I mentioned a few sentences ago that I still do the things I did before having a child, but it’s definitely not exactly the same as it was before. I’m definitely much more efficient with my time compared to before. Now, there’s less Reddit and Facebook time, I have to read my articles while I’m in the bathroom, and write (as I am for this article) after my kid goes to sleep since he seems to be utterly fascinated by my laptop, and I can’t get work done when he’s awake. Aside from realizing I need less sleep than I thought I did, being a new dad affords me something that I didn’t have before, and it’s more empathy for my patients who are parents, and an improved ability to focus more in the important aspects of life.

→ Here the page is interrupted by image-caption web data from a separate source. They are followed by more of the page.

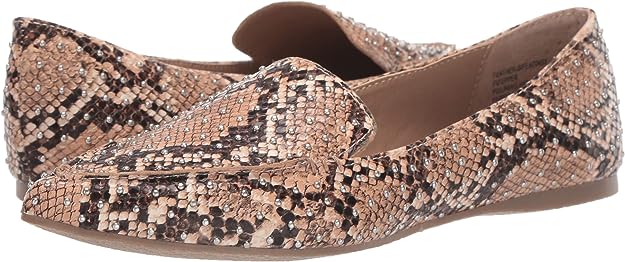 Steve Madden Women's Feather Loafer Flat Color Tan Snake Size 8.5M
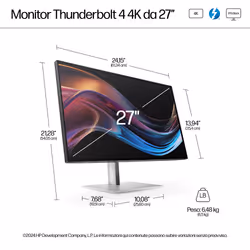 HP Monitor serie 7 Pro 4K Thunderbolt 4 da 27'' - 727pk - Vista aggiuntiva 7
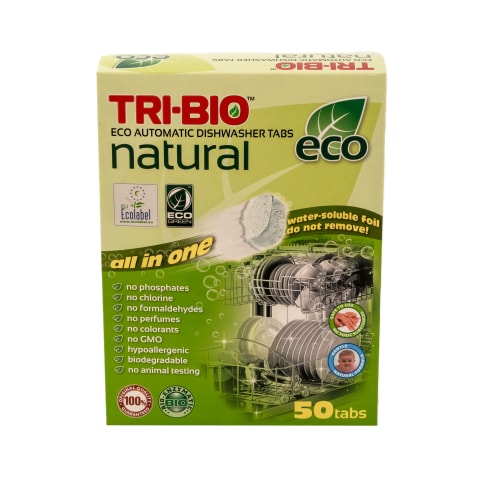 Ekolog. tabletės indaplovėms TRI-BIO, 50vnt.
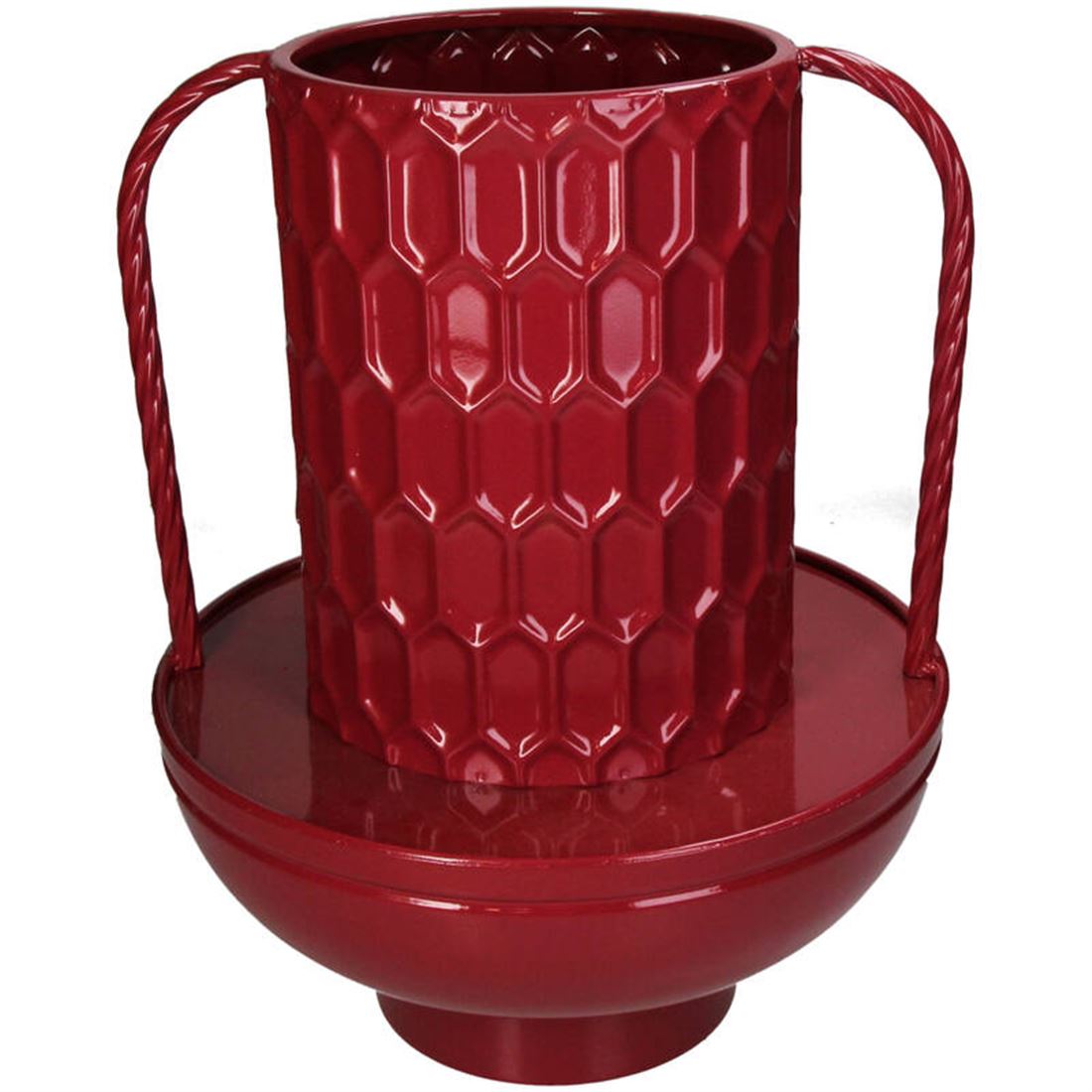 Vaso Metálico c/Asas Rosa 38x30cm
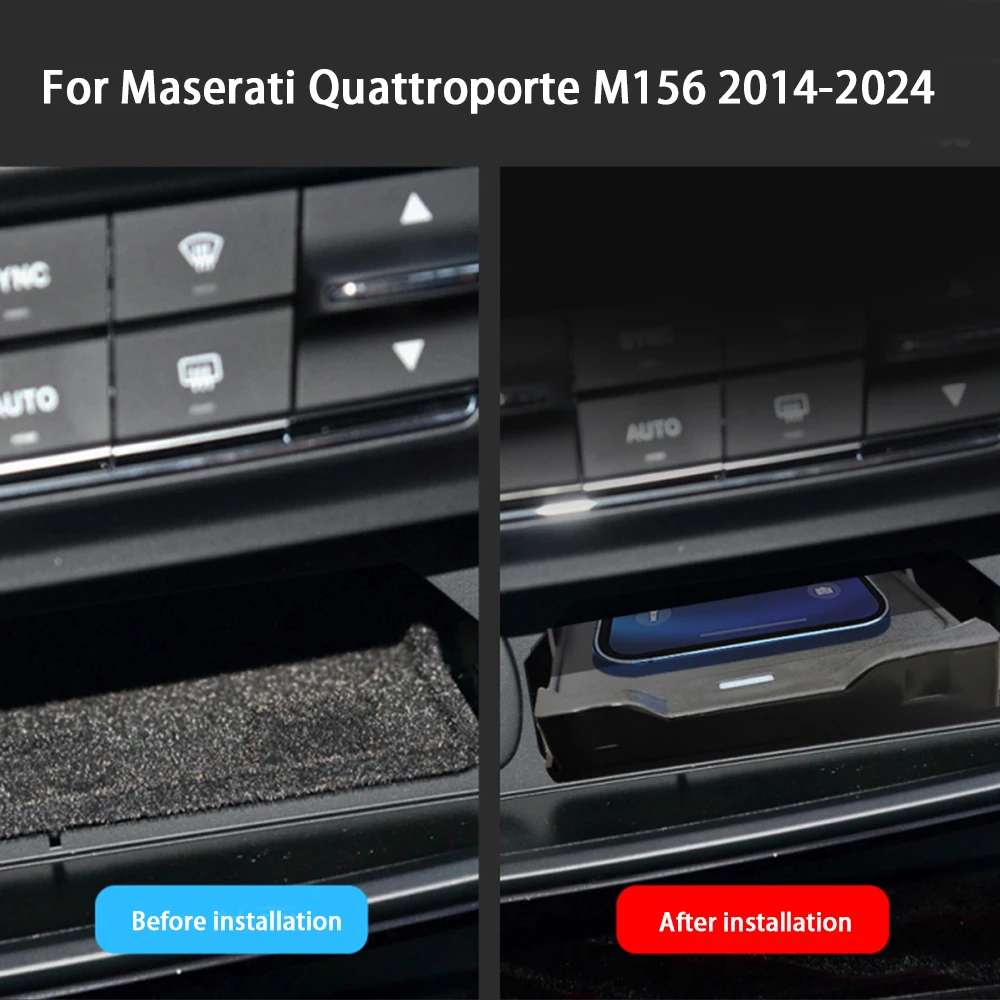 Bezprzewodowa ładowarka samochodowa do telefonu komórkowego Konsola środkowa Przechowywanie QI 18W iPhone szybkie ładowanie dla Maserati Quattroporte M156 2014-2024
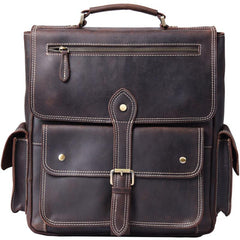 Handmade Leather Mens Cool Backpack Messenger Bag Briefcase Work Bag Business Bag for men - imessengerbags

The best bit of advice I can give would be that the best time to have a kid is when you and your significant other ready for one. If your relationship is going through a weird phase, or still have some things to hammer out, adding the stress of a child will likely break it. Sure, I just got through saying how amazing it is, but it would be different if on top of a screaming baby with poop that somehow made it to his neck I also had relationship issues to deal with. Raising a tiny human without a united front is like trying to manage a septic crashing patient without your co-physicians, nurses, RT’s and techs helping you. You might pull it off, but there’s a much higher propensity for success with a team.
Reviewed with the Staff (James L. Huffman MD FRCPC)
For me, this narrative touches on two important themes. First is understanding the decision to have a child during your training and the impacts (both amazing and challenging) that decision might have on you, your partner and your training and second, it outlines some great strategies to help manage your time when you do have a little one you’re responsible for.
- Get informed and talk to your partner (before if possible).
- Plans often need to be revised.
- Having a child can be one of the most rewarding experiences of your life but it will also present new challenges and stresses.
- Expect everything to change.
- Talk to your program director/residency union rep. There may be built-in support systems (i.e. parental leave programs, childcare provisions, etc.).
- Talk to other residents who are parents.
- Family and friends are assets.
- Really think about how you spend your time.
- Carve out specific family time and time that is protected for work – early mornings, during naps or late nights tend to be good for the latter.
- Take care for yourself, your partner and your relationship, you’ll be a better parent and a better doctor if you’re a happy, healthy person.